═══ THE RECORDS ═══

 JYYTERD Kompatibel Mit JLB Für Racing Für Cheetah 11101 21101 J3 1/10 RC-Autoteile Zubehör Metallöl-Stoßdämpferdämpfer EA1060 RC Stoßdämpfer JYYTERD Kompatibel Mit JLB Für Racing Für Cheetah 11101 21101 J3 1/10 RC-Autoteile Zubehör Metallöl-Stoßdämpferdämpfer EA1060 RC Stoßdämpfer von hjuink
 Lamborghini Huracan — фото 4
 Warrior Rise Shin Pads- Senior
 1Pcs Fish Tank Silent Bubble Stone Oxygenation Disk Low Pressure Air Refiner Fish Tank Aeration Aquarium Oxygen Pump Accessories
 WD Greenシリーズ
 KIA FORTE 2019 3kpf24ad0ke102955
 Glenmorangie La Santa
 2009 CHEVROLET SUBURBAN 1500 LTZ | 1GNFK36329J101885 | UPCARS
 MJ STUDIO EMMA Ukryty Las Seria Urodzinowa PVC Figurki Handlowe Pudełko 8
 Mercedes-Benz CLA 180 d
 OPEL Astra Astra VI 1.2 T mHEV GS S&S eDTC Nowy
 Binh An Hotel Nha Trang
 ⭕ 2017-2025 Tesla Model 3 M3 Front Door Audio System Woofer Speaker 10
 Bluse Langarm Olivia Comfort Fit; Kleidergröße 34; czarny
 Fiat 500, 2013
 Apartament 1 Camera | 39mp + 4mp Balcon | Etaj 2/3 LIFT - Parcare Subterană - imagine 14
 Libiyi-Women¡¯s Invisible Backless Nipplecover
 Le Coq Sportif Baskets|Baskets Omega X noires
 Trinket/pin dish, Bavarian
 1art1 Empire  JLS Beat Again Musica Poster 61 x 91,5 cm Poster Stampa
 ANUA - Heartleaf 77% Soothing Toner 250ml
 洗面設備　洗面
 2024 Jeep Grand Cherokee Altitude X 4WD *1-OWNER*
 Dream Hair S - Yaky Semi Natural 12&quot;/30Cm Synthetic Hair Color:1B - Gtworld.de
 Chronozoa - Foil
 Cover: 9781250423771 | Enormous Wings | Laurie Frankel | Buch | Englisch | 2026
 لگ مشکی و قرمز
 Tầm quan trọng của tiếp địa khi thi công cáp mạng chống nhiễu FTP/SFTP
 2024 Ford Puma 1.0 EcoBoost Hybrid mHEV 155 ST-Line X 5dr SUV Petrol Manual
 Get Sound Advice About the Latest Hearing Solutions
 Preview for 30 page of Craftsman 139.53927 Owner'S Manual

═══

> **DESCRIPTION OF THE TASK**
Some lines in the data above hold the string "Manual". Find and copy each of them.

> **WRITTEN SOLUTION**
 2024 Ford Puma 1.0 EcoBoost Hybrid mHEV 155 ST-Line X 5dr SUV Petrol Manual
 Preview for 30 page of Craftsman 139.53927 Owner'S Manual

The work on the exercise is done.